Reading the ethanol RINs
University of Illinois ag economist Scott Irwin doesn't read tea leaves, but he does find clues to EPA biofuels policies when he looks at the market for RINs, the renewable identification numbers that act like credits that blenders trade to meet ethanol and biodiesel mandates.
Last week, Irwin posted a Farmdoc Daily analysis that shows the price of ethanol RINs, which usually are cheaper than those for biodiesel, starting to converge. They decoupled last July, months before the EPA announced its dramatic reduction in the blending mandate, the Renewable Fuel Standard (RFS.) Irwin thought that was a sign that the market believed EPA was going to reduce the 2014 ethanol mandate to the so-called blend wall of about 13 billion gallons.

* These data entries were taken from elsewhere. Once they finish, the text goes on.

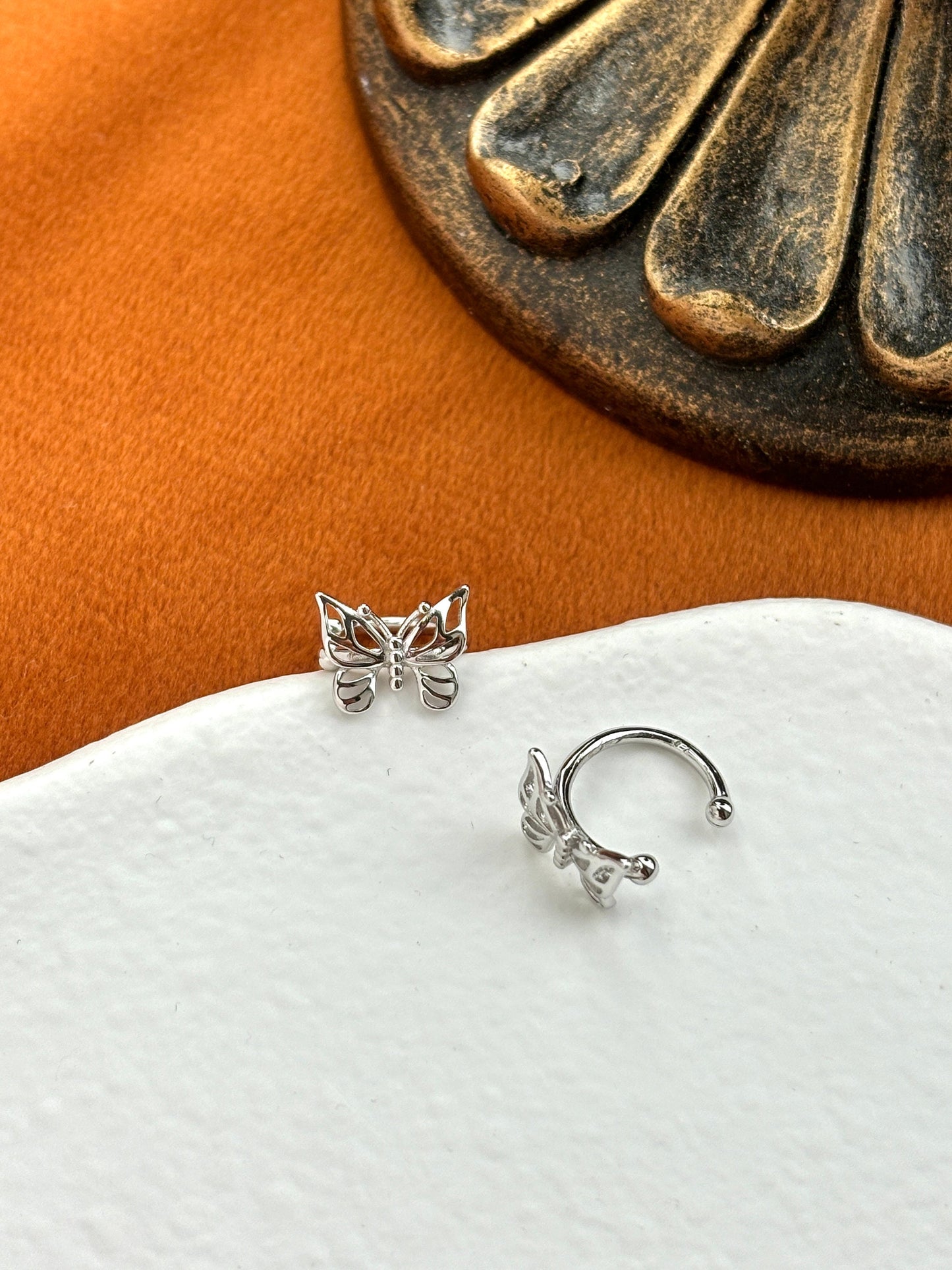 Dainty Butterfly Ear Cuff, Golden Butterfly Non-piercing Earrings, Silver Butterfly Jewelry, 14K Gold Plated 925 Sterling Silver Jewellery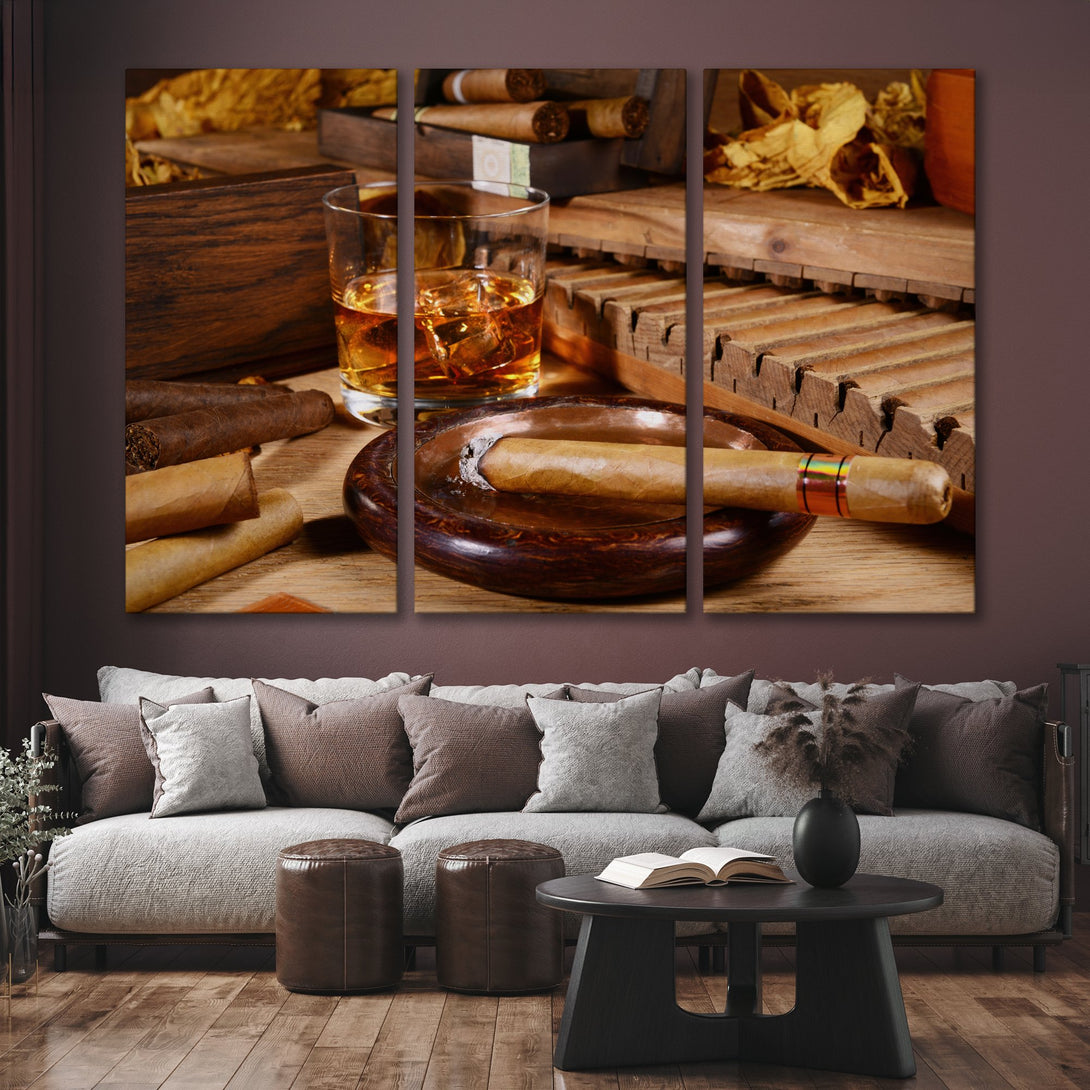 Canvas Print: Cigar & whiskey art with warm, rich tones. Perfect for a sophisticated living room. Adds a touch of luxury.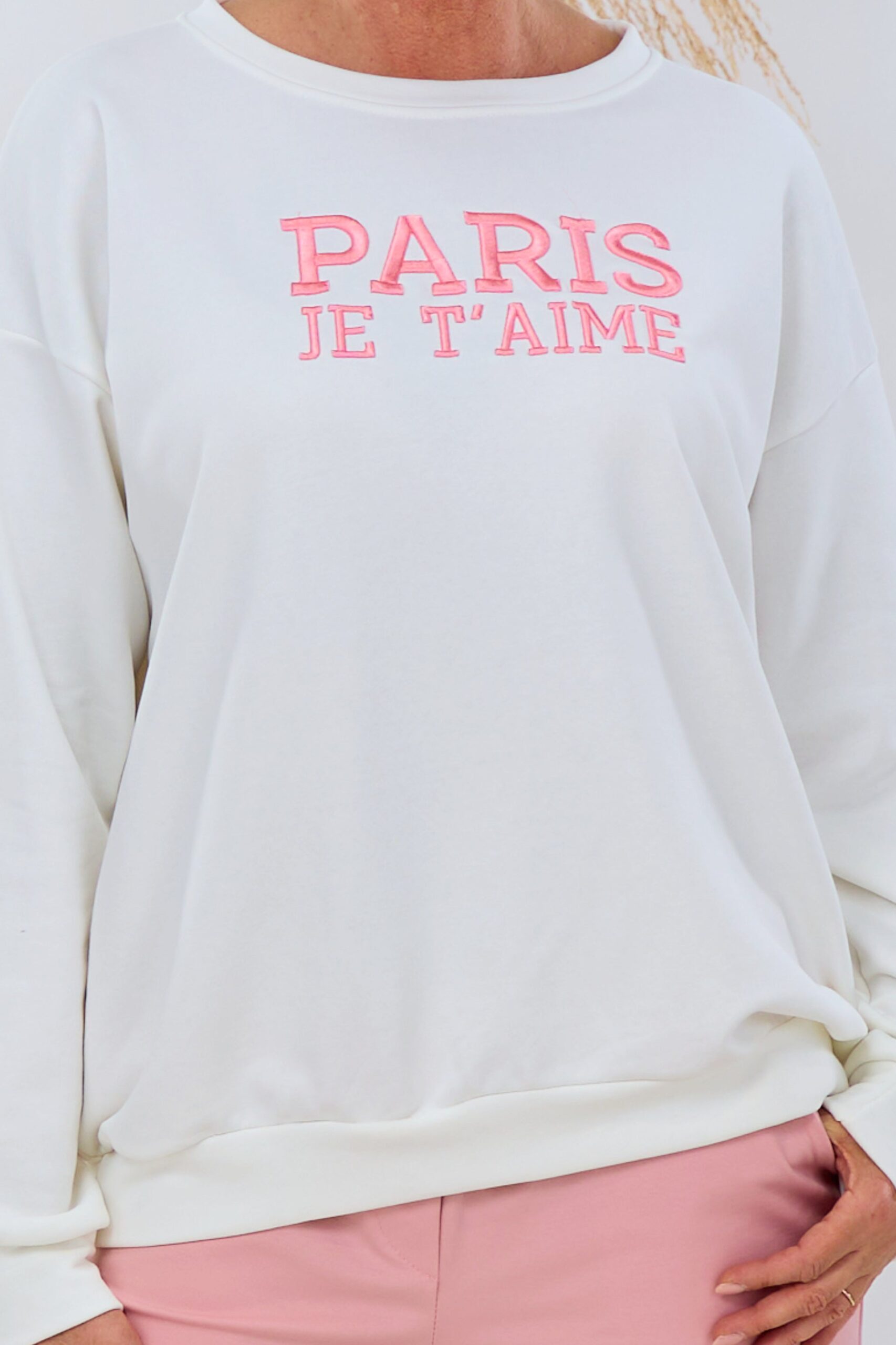Sweaty PARIS, ecru-rosa – Bild 2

Since late January, both the ethanol and biodiesel RINs have started to converge again, which "strongly suggests that the RINs market traders were convinced there is a much higher chance that the EPA will reverse the write-down of the 2014 renewable mandate . . . " Irwin wrote.

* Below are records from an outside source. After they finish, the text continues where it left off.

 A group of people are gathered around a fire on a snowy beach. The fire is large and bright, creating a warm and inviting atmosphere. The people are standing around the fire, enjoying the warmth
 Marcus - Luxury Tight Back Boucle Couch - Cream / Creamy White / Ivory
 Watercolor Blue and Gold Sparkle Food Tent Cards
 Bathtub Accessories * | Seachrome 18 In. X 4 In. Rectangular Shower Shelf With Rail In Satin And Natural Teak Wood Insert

Irwin was more blunt in a recent interview with Agriculture.com.
"I interpret this as saying the RINs market is telling me that the Obama administration has already caved on the cuts to the ethanol mandate," Irwin said.

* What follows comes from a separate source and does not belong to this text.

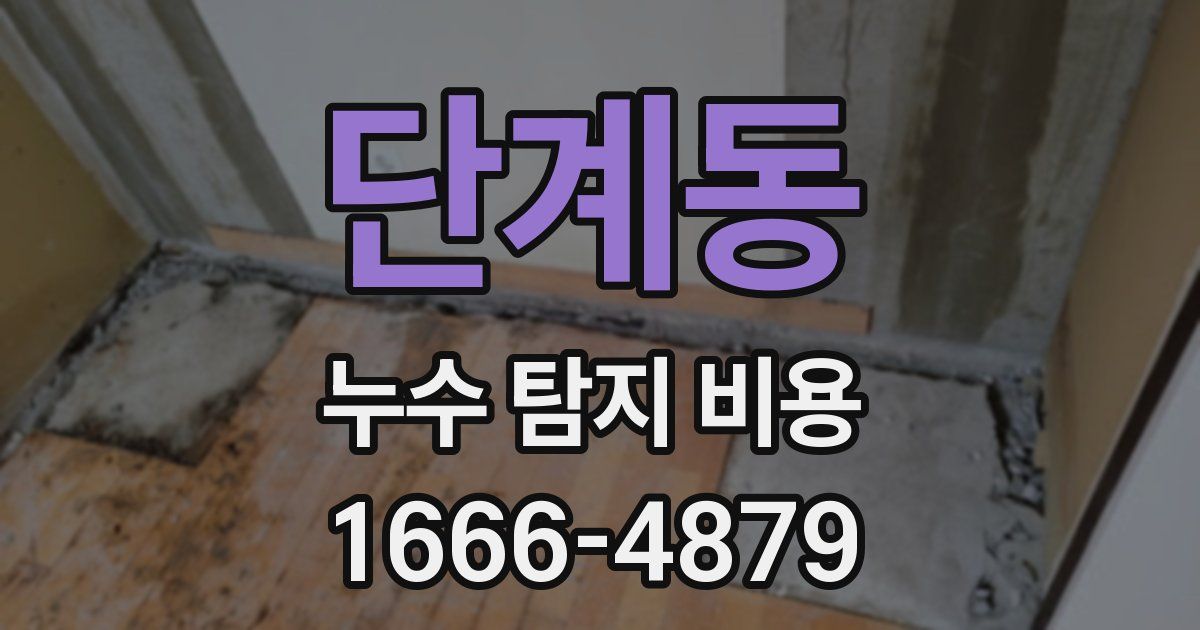 단계동 누수 탐지 비용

When asked today about what the market might know about a reversal, ethanol supporter Senator Chuck Grassley (R-IA), said "I assume they've had rumors to that effect. I'm not aware of those rumors."
Grassley said he doubts that a bureaucracy would easily reverse its November-proposed rule entirely.
"I would doubt if there would be a complete reversal, which I would like to happen," he said.
But Grassley believes it's possible that EPA will modify its rule, and he added some speculation to support that theory:
-- President Obama's new senior adviser, John Podesta, is considered a strong supporter of biofuels.
-- The president himself, a former Midwestern senator, has also been outspoken in support of biofuels.
-- A meeting with EPA Administrator Gina McCarthy and senators who back biofuels late last year was one that "a lot of my colleagues felt made some progress," Grassley said.
-- Nearly a third of the U.S. Senate, 31 senators, have written to oppose last fall's write-down of the mandate.
Grassley said he has no inside knowledge to support his hunches.
"Do I know for sure? No. I can just give you speculation," he told a reporter during his weekly telephone press conference Tuesday.
And he's not allowing too much optimism.
"You've got to still consider the weight of big oil lobbying," he said.
Nor does Irwin's analysis support a complete reversal of the mandate that would restore roughly 3 billion additional gallons of blending of different types of biofuels in 2014.
As Irwin pointed out in his Farmdoc Daily posting, "As long as the reversal of policy results in a renewable mandate for 2014 that exceeds the total capacity of the domestic fuel market to physically absorb the mandated quantity of ethanol, then D4 biodiesel and D6 ethanol prices should be effectively recoupled. So, the reversal does not need to be complete for the switch to be flipped."